Etmez. Memleket zaten ellerinde, istila edip ne yapsınlar? Hem Amerika’nın elinde 2,5 milyon kişilik Türk devlet teşkilatını yeniden kuracak yedek adam stoku mu varmış? Bugünkünden farklı ne yapmayı düşünüyorlarmış ki istila etmenin zahmetine, masrafına değsin?

5. Toptan istila etmezler, azar azar kemirirler.

Yunanlı İstanbul’u alamaz belki, ama Çeşme ile Alaçatı’ya göz koyarsa ne olacak? O da basit. Ordudan tasarruf edeceğin parayla adamların memleketinde üç banka, iki gazete, bir üniversite satın alırsın, Çeşme’ye bulaşacaklarına bin pişman edersin.

Peki, bir de sembolik sınır güvenlik gücü oluşturursun ki sınırlarına göz diken elini kolunu sallayarak emrivakiler yaratamasın, ulusal ve uluslararası bir rezalet çıkarmadan amacına ulaşamayacağını bilsin, ona göre hareket etsin. Bu iş için de bilemedin beş on bin kişilik bir güç yeter herhalde.

Ya savaş çıksa

6. Dünya savaşı çıksa rezil oluruz.

Dünya savaşı çıksa katılmamaya çalışırız. İsviçre iki dünya harbine katılmadı, hem cephenin tam ortasında yer aldığı halde katılmadı. Bunu ordusu sayesinde yapmadı: aklıyla yaptı, kimseye tehdit oluşturmadığı için yaptı, silahtan daha kuvvetli bir şeye – para kurumlarına – sahip olduğu için yaptı. İkinci Dünya Savaşı’nda Türk ordusu içler acısı haldeydi. Almanlar girse iki günde İstanbul’a dayanır diye hesapladılar. Savaş dışı kalabildiysek ordu sayesinde değil, İsmet Paşa iki tarafı iyi dengelediği için kalabildik. Türkiye’nin petrolü yok, savaşanlara yarar ahım şahım başka bir şeyi yok, neden şanslarını zorlasınlar? Hem Almanlar krom istedi de (parasıyla) vermedik mi?

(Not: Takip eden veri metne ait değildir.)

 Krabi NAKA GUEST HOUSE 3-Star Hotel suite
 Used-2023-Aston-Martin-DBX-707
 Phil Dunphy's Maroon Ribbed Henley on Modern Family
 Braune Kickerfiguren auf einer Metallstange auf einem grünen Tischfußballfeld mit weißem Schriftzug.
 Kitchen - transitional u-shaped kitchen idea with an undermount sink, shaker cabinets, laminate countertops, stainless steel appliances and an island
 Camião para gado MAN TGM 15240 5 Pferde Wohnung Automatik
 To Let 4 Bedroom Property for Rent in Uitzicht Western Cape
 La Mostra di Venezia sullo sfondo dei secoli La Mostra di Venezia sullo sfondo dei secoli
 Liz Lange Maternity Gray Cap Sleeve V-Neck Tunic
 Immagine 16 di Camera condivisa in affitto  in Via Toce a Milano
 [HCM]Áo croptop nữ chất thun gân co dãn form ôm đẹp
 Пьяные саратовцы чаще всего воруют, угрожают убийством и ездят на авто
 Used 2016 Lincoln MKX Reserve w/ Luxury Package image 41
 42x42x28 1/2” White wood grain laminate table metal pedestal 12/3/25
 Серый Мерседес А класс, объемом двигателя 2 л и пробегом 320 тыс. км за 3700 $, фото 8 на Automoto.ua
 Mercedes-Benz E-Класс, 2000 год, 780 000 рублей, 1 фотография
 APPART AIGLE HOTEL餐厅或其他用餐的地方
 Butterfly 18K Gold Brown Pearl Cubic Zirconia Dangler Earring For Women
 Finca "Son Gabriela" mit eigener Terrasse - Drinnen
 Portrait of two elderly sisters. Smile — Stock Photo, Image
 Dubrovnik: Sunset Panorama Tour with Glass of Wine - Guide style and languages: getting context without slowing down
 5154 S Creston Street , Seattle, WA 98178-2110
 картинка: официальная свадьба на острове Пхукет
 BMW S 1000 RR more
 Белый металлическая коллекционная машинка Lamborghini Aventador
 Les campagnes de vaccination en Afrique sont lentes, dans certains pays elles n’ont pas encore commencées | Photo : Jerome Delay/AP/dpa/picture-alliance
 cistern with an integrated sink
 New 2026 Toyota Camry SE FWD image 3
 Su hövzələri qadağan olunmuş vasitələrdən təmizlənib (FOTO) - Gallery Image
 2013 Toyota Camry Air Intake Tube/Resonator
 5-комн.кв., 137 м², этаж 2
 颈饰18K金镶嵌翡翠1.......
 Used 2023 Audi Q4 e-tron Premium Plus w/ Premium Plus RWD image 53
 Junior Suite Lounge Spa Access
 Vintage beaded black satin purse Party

Peki, memlekette stratejiden, taktikten, askeri teknolojiden anlayan bir kadronun bulunması faydalıdır diyelim. Üniversitelerde iyi bir-iki fakülte kurulur, bu da temin edilir. Sivil kadrolardan söz ediyorum, şüphesiz. Akla ve hesaba dayanan bir işi sivillerin askerden daha kötü yapması için bir neden var mı? Serbest tartışma ve rekabet ortamında oluşacak yeteneğin çapı, emir komuta kültürünün cılız ürünleriyle kıyas kaldırır mı? Bir yanda bugünün Türkiye’sinde sivil sektörlerde – inşaatta, basında, reklamcılıkta, bankacılıkta – gördüğünüz bilgi ve beceri birikimine bakın, öbür yanda üniformalı zevatın üstlerine vazife olan ve olmayan konularda sergilediği düzeye bakın, karar verin.

İç düşman

7. Kürtler azar.

Azar belki. Ama benim o bölgedeki insanlardan duyduğum, bildiğim, gördüğüm o ki bugüne dek azdıkları kadar “azmalarının” esas nedeni Türk ordusunun yokluğu değil, tam tersine, varlığıdır. Baskı ve tehdit ortadan kalkarsa belki onlar da rahatlar, Türkiye gözlerine daha bir cazip görünmeye başlar. Hem diyelim ki bağımsızlık ilan ettiler. Acaba Türkiye’nin orayı üniversitesiyle, televizyonuyla, gazetesiyle, kalifiye personeliyle, müteahhidiyle, bankasıyla, Arçelik’iyle, Etibon’uyla, turistiyle ele geçirmesi mi daha sağlıklı ve kalıcıdır, silah zoruyla elde tutmaya çalışması mı?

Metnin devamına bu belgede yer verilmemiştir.